When machines of peace are used as weapons of war, does the creator bear responsibility?
That’s the question underpinning The Wind Rises, the first film from master filmmaker Hayao Miyazaki since 2008’s Ponyo.
Unlike Ponyo, this is definitely not a kids’ film. The Wind Rises is Miyazaki’s most mature, thoughtful work since 1992’s Porco Rosso, another film that incidentally (or not so incidentally) revolves around airplanes. It’s also, perhaps not so incidentally, one of his best films in years.
The hero of The Wind Rises is Jiro Horikoshi, a real-life historical figure who designed the Mitsubishi A6M Zero fighter pilot (more commonly known as the “Zero”) used by the Japanese air force in World War II.
In Miyazaki’s film, Jiro is introduced as a young man obsessed with airplanes, but who’s unable to fly them due to his poor eyesight.

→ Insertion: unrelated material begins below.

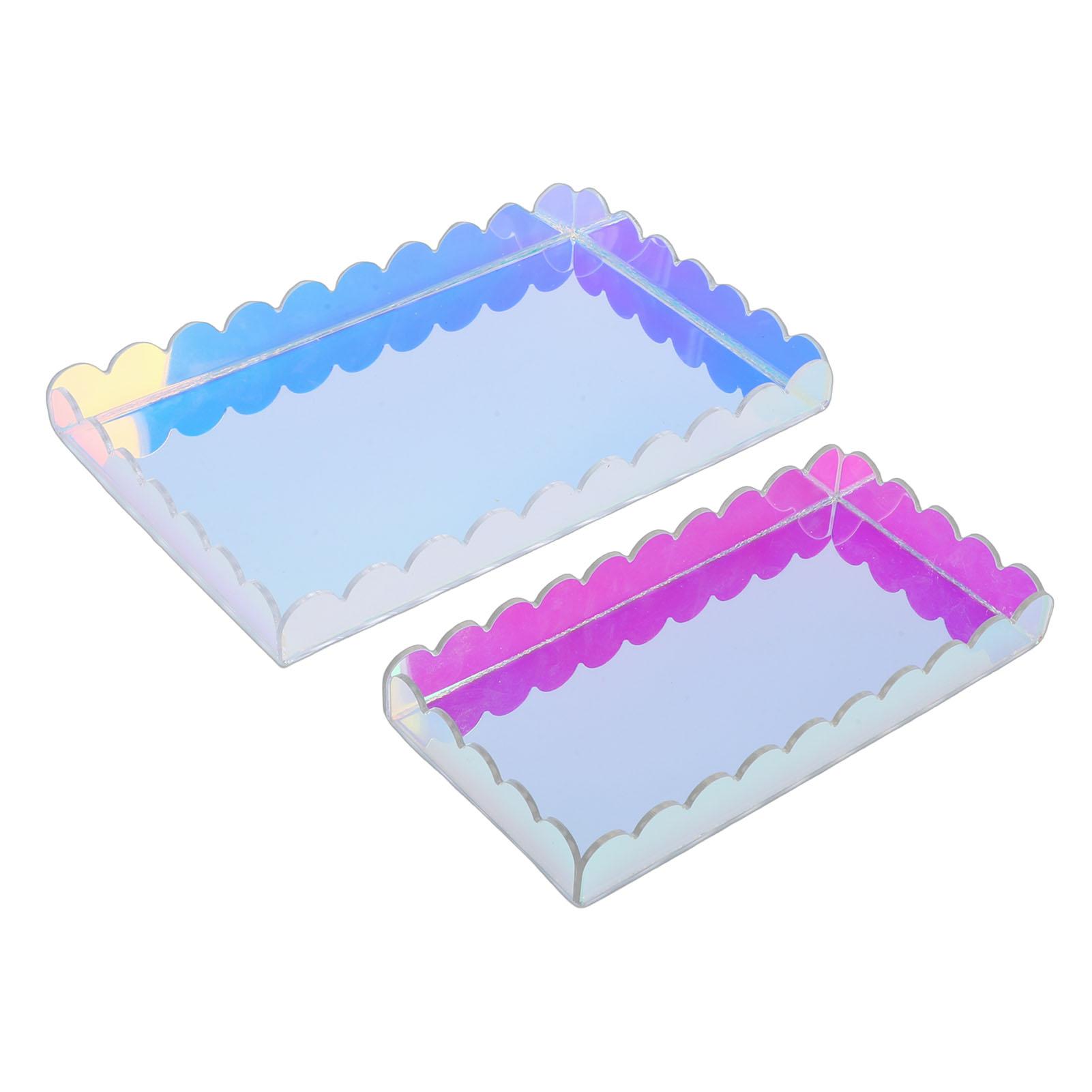 

2pcs Vanity Tray Elegant Multifunctional Acrylic Countertop Decorative Tray for Bathroom Bedroom Kitchen Colorful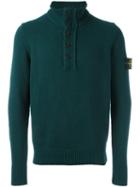 Stone Island Half-button Sweater, Men's, Size: Medium, Green, Polyamide/wool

One day, he has a dream in which he meets his hero, the Italian aeronautical engineer Giovanni Caproni, who encourages the young Japanese boy to design planes.
Fast-forward a decade, and we find Jiro working at Mitsubishi’s plant in Nagoya, an obvious prodigy whose designs are head and shoulders above his peers’. He’s living his dream, but there are occasional signs, both in conversations with those around him and his own nightmares, that point to Jiro’s work eventually being used for a terrible purpose.
Jiro is portrayed with a kind of naiveté: seemingly oblivious to anything around him that doesn’t involve airplanes, he finds design ideas wherever he looks, such as in the perfect curvature of the bones of the fish he’s eating for lunch.
To help portray this unique personality, Miyazaki made the unique decision to cast as Jiro not a professional voice actor, but longtime friend Evangelion director Hideaki Anno.
It’s a bit of a shock when Anno’s voice first appears: he’s so clearly not a voice actor, it’s jarring to hear him perform alongside more standard-sounding voice types. But it’s ultimately an ingenious bit of casting: Jiro sounds, appropriately, like he’s a bit different from everyone else.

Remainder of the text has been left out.